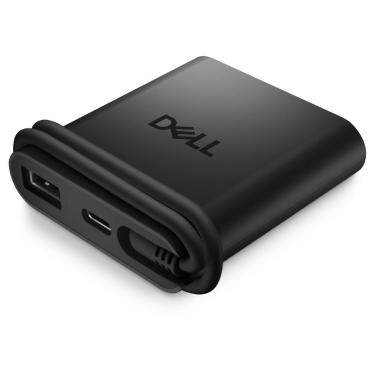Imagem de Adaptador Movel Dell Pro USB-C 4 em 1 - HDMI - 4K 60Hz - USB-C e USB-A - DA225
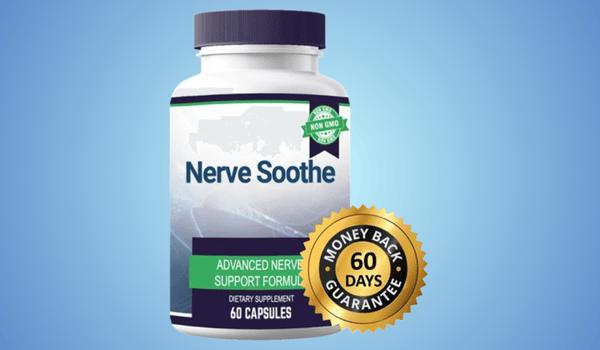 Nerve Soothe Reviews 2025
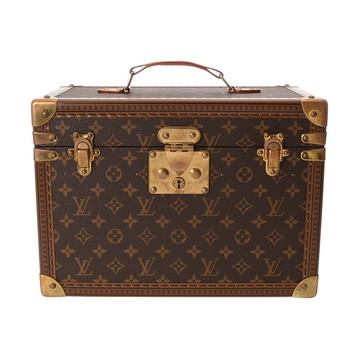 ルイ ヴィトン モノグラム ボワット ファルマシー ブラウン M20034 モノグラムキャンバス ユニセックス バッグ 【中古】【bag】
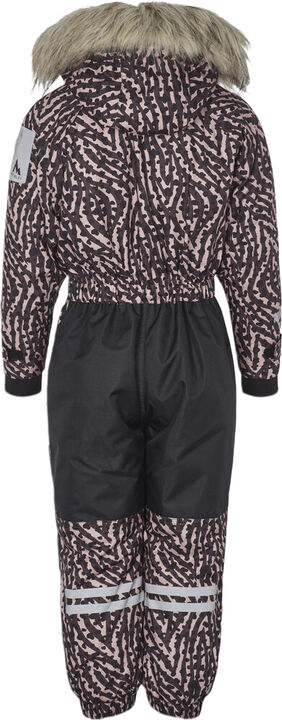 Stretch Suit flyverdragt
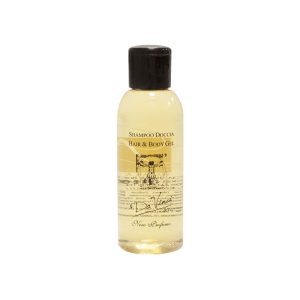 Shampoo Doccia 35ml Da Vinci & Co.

◇ ◇ ◇

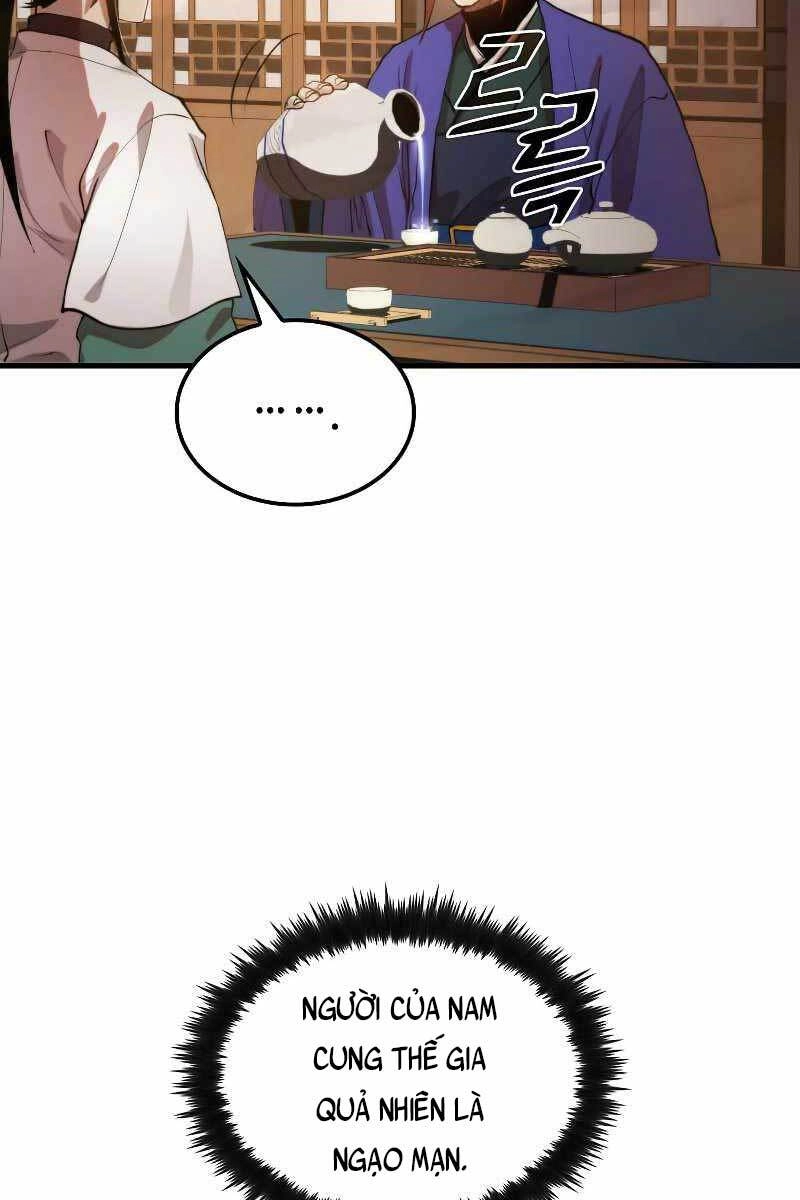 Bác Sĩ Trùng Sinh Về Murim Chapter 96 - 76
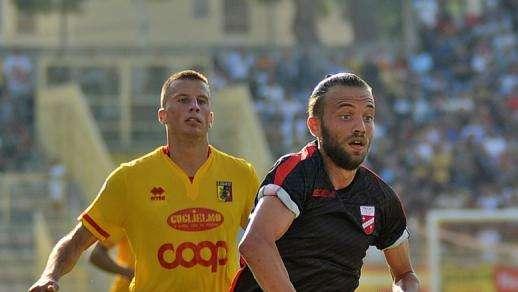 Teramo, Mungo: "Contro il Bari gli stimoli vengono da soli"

◇ ◇ ◇

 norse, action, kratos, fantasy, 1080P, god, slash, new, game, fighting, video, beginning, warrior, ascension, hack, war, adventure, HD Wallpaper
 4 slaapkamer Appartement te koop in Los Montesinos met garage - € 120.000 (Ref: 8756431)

◇ ◇ ◇

## Exercise aim
Set down word for word the lines above from the one with "Stretch Suit flyverdragt" up to and including the one with "Shampoo Doccia 35ml Da Vinci & Co.". Omit every picture.

## Answer space
 Stretch Suit flyverdragt
 Shampoo Doccia 35ml Da Vinci & Co.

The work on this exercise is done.